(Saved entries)
------------------------------------------------
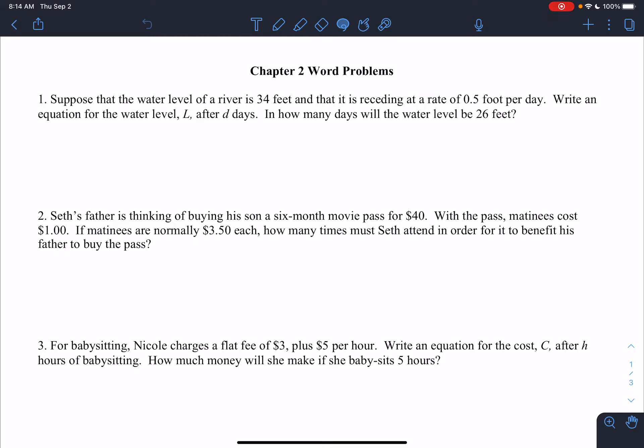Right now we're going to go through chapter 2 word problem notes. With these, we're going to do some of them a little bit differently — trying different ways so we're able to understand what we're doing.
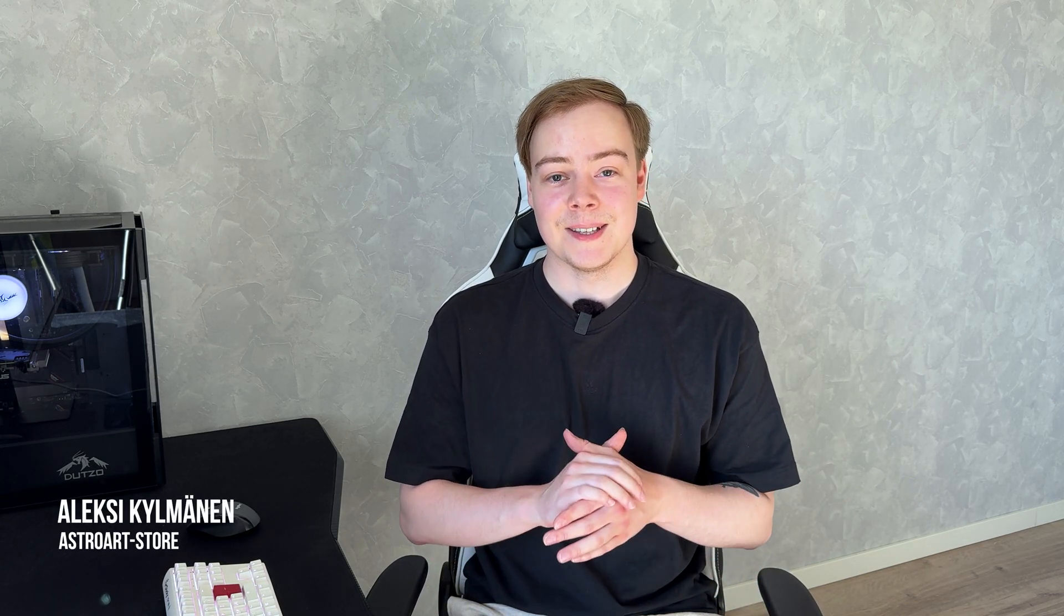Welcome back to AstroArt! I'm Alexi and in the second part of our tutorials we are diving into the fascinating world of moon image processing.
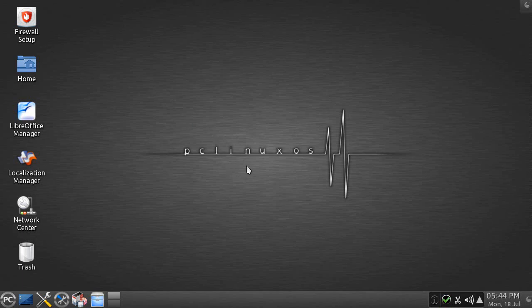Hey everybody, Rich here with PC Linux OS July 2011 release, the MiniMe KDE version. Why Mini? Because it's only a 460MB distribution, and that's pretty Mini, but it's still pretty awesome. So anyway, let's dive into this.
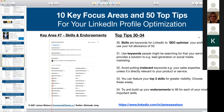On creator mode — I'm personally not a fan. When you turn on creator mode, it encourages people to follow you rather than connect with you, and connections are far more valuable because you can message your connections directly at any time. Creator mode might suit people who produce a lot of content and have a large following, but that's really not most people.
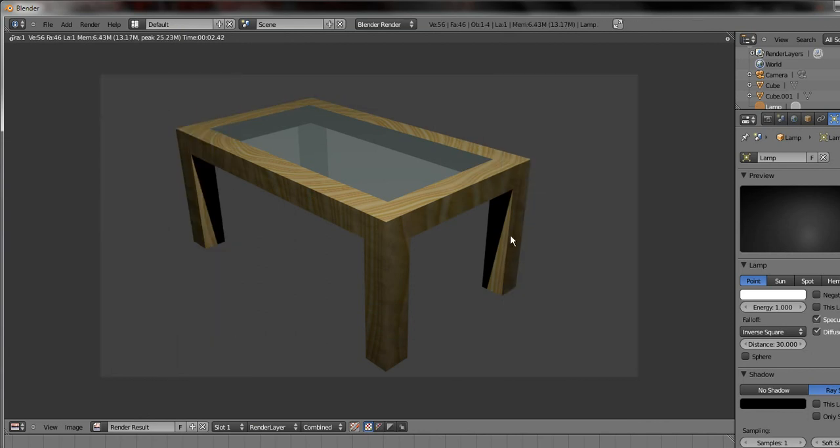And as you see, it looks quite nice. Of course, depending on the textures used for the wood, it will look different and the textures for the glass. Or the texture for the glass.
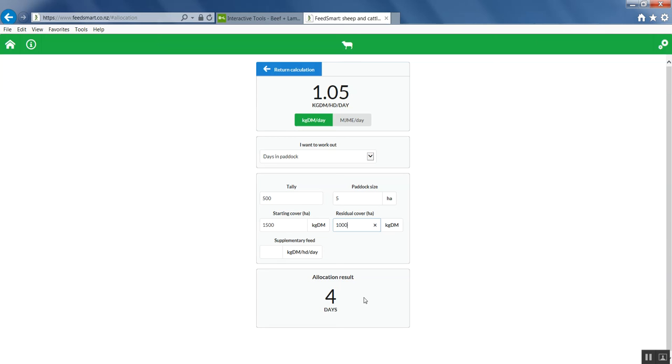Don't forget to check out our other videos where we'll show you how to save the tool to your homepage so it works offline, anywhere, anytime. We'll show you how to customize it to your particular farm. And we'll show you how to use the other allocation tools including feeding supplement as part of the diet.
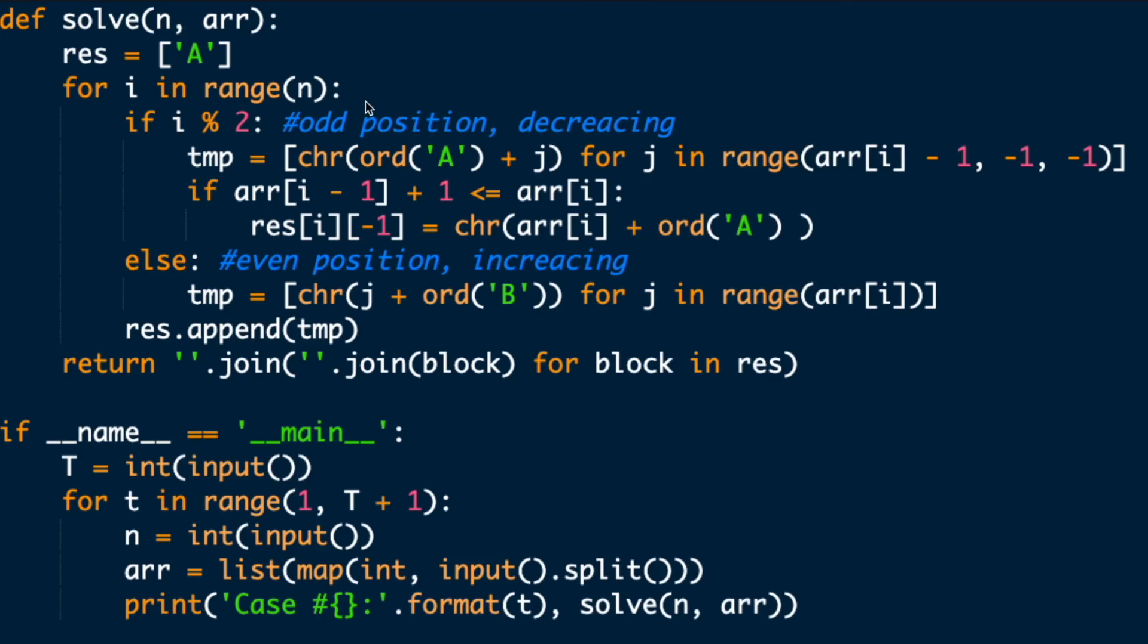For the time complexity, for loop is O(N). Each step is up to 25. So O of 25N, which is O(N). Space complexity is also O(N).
------------------------------------------------
• [YOUR ASSIGNMENT]:
Give the lines exactly, from the first line of the entries to the line with "On creator mode —", both ends included. Skip the pictures.

• [OUTPUT OF THE TASK]:
Right now we're going to go through chapter 2 word problem notes. With these, we're going to do some of them a little bit differently — trying different ways so we're able to understand what we're doing.
Welcome back to AstroArt! I'm Alexi and in the second part of our tutorials we are diving into the fascinating world of moon image processing.
Hey everybody, Rich here with PC Linux OS July 2011 release, the MiniMe KDE version. Why Mini? Because it's only a 460MB distribution, and that's pretty Mini, but it's still pretty awesome. So anyway, let's dive into this.
On creator mode — I'm personally not a fan. When you turn on creator mode, it encourages people to follow you rather than connect with you, and connections are far more valuable because you can message your connections directly at any time. Creator mode might suit people who produce a lot of content and have a large following, but that's really not most people.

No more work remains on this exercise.